The MI6 bombing brings Bond out of “retirement” and is deemed fit for duty by the skin of his teeth. Mallory tells Bond “don’t cock it up,” introduces him to his new quartermaster, Q (Ben Whishaw), and sends him after Patrice (Ola Rapace), our earlier train villain, to Shanghai. Bond lets Patrice go through with an assassination before dropping him off the side of a building, which leads him to a poker chip for a casino in Macau. Here, Bond meets Sévérine (Bérénice Marlohe), who is terrified of someone. That someone turns out to be Silva (Javier Bardem), an ex-MI6 agent thought to be dead but has quite a bone to pick with M, that is if he doesn’t try to bone Bond in the process first.
Just when we thought we knew everything there was to know about our favorite 007 MI6 agent, screenwriters Neal Purvis and Robert Wade (The World is Not Enough, Die Another Day, Casino Royale, Quantum of Solace), and John Logan (Hugo, Rango), have decided to take a road never traveled by a Bond film before.
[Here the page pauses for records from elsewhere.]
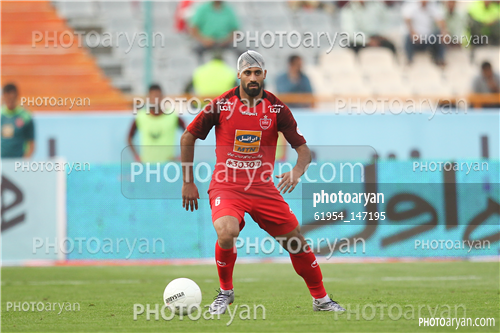 استقلال 0-پرسپولیس 1 (98/06/31) -حسین کنعانی زادگان,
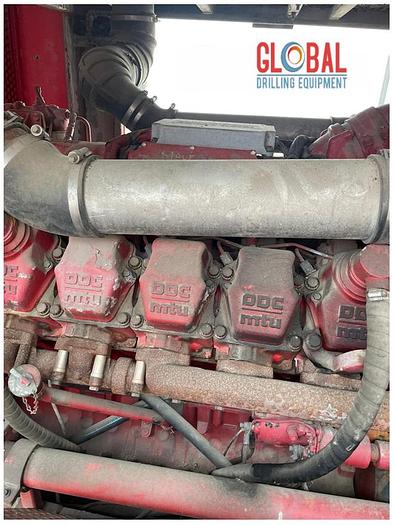 Used Item 0541 : Sullair 900CFM / 350PSI Air Compressor & Ariel JPG/2 Booster Combo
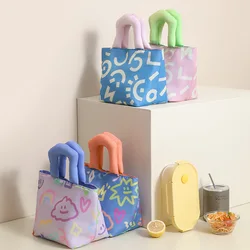 Lonchera térmica portátil para niños – bolsa aislante de picnic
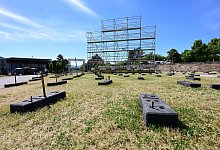 documenta fifteen - Antisemitismus-Vorw&uuml;rfe - Foto: Uwe Zucchi/dpa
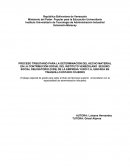 Contribuciones sociales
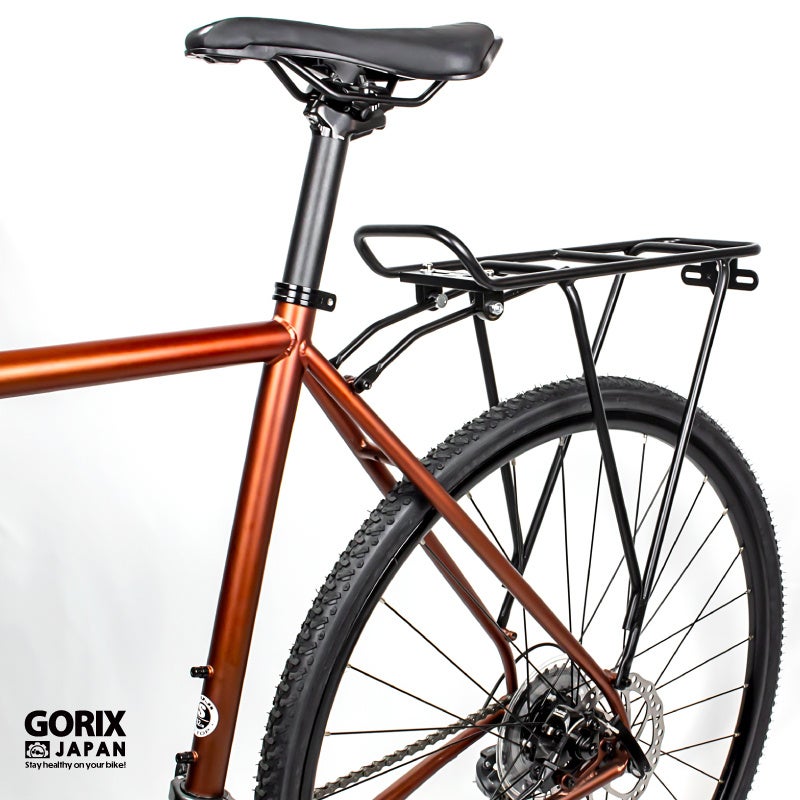 【新商品】自転車パーツブランド「GORIX」から、リアキャリア(GRR977) が新発売!!のサブ画像7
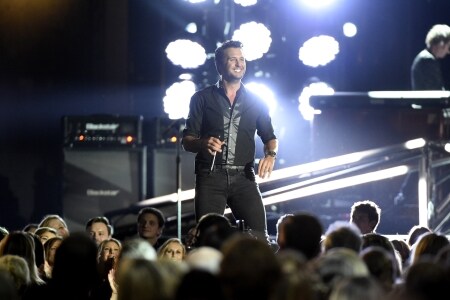 Luke Bryan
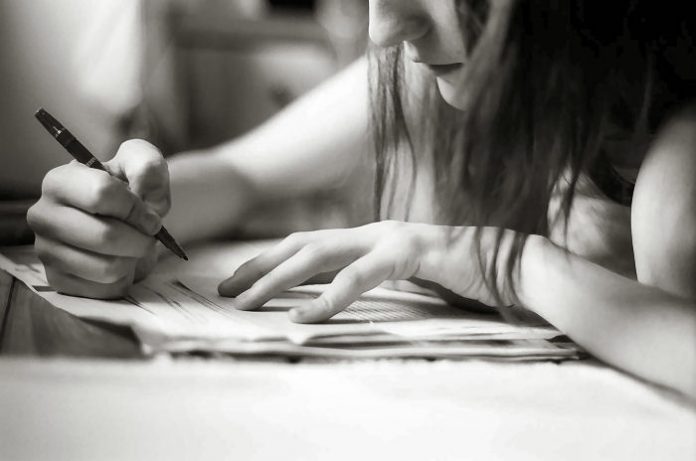 Woman Study Woman Study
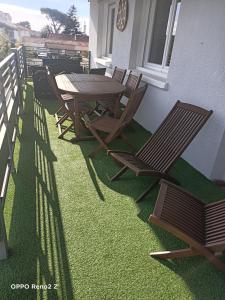 Logement la Teste de Buch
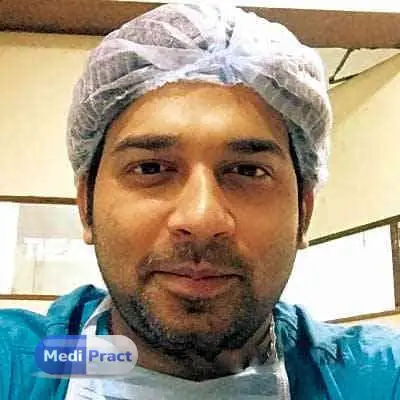 Dr. Anurag Tiwary Profile Picture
They add some much surprisingly poignant backstory for a change and make sure the audience is emotionally invested before the action really kicks into high gear (after the film’s opening set piece of course).
Director Sam Mendes (the series’ first Academy Award-winning director) brings everything together with a sense of style and panache that we deserve after kicking the series into a new direction with Casino Royale and the four year hiatus. Cinematographer Roger Deakins creates scenes of beauty while Editor Stuart Baird makes sure we always know what’s going on. From a fist fight atop a moving train to a single-take silhouette fisticuff, the two work as a team to keep Mendes’ vision in tact while moving at a pace that never makes the film seem like it’s 143 minutes. Welcome back, Bond, Skyfall makes for one of the best Bond films ever, if not the best.